So the story starts. McFarlane weaves together Ruth's memories of her childhood, marriage, first loves and experiences as a mother into something beautiful and achingly sad. 

Inconsistencies and holes start to appear in Ruth's memory. She starts to distrust herself - not just her memory and mind, but her ability to drive, go to town, shop and cook for herself.

All the while her imaginary tiger and Frida, circle. Both seem to wait, watch and learn about the deepening nature of Ruth's vulnerability. The sense of foreboding grows even as Frida seems to grow taller and stronger in the story, and Ruth's mind becomes increasingly unreliable. 

I thought it was such a beautifully written book. McFarlane explores the relationship between Ruth and Frida, while maintaining the sense of foreboding and suspense. Is Ruth overly paranoid? What is Frida's intent and who is she really?

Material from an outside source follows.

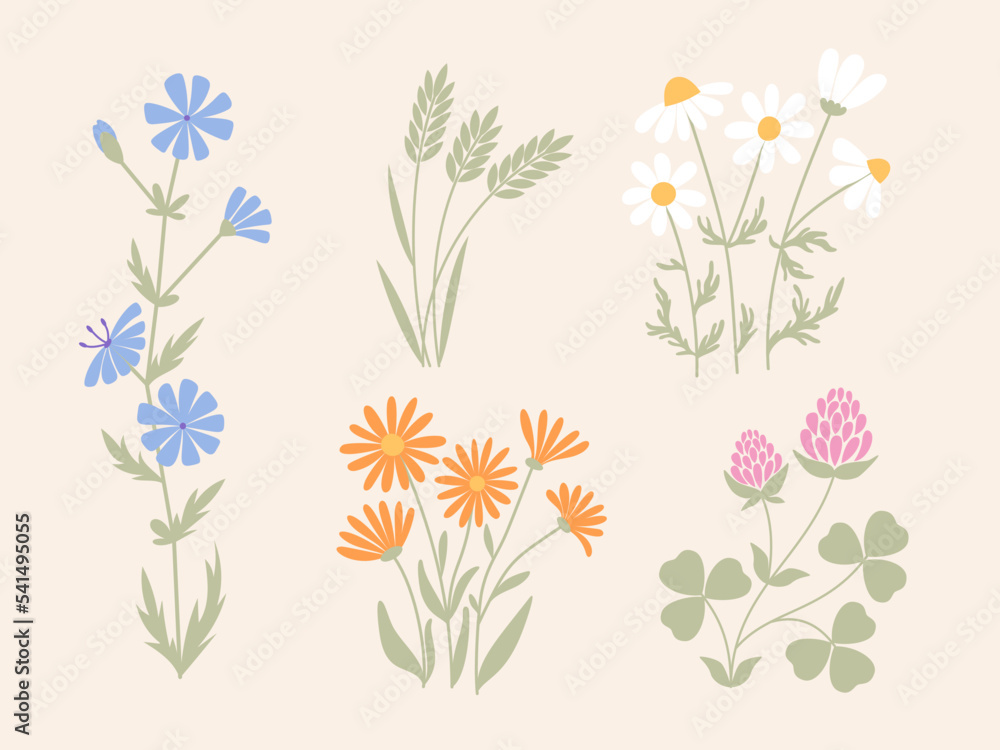 Pastel set of wildflowers. Clower, daisy, chamomile, calendula, chicory, meadow grass. Herbaceous plant collection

It's no surprise The Night Guest was short-listed for the 2014 Stella Prize.* Ruth and Frida are two intriguing and complex female characters and I found myself thinking for days about some of the themes explored in the book.

Things like how age, isolation, loss of memory and fragility of mind can bring real vulnerability. About how at a certain age, women (and men perhaps too) seem to become 'invisible'. As if somehow, in today's society that fanatically celebrates youth and beauty, we've forgotten how to treasure the lives and experience of our older generations. We've forgotten how to really see, and appreciate them.

The Night Guest is devastating on several fronts. One was how distant Ruth's children had become. While mildly worried about who Frida was, or why Ruth was hearing tigers in her living room at night, they seemed too busy to really care much about their Mum, beyond a few phone calls and unfulfilled promises to visit. 

They had, in a way, stopped really seeing and caring for Ruth, and on some level she knows it.

No spoilers about the ending of the book here - but I highly recommend it.  If you are looking for a new Australian author to read, or the next book in your Year of Australian Writing challenge - this could be it!

Let me know what you think. Have you read The Night Guest? What do you think the tiger represents? Ever felt invisible after a certain age? I hope not, and if you have, you most certainly are not

*The 2015 Stella Prize long-list was announced today. Congratulations to the 12 authors! Helen Garner's This House of Grief is long-listed, and it's next on my YOAW challenge list - I'm about 40 pages in. Will let you know how it goes. 









4 comments:

  1. I love the sound of this book Pia and have just added it to my ever increasing list of books to read. The vulnerability of old people is something which touches my heart so thank you for recommending it. (An added bonus / incentive to read it is the blurb on the cover by Kate Atkinson who is one of my favourite authors!)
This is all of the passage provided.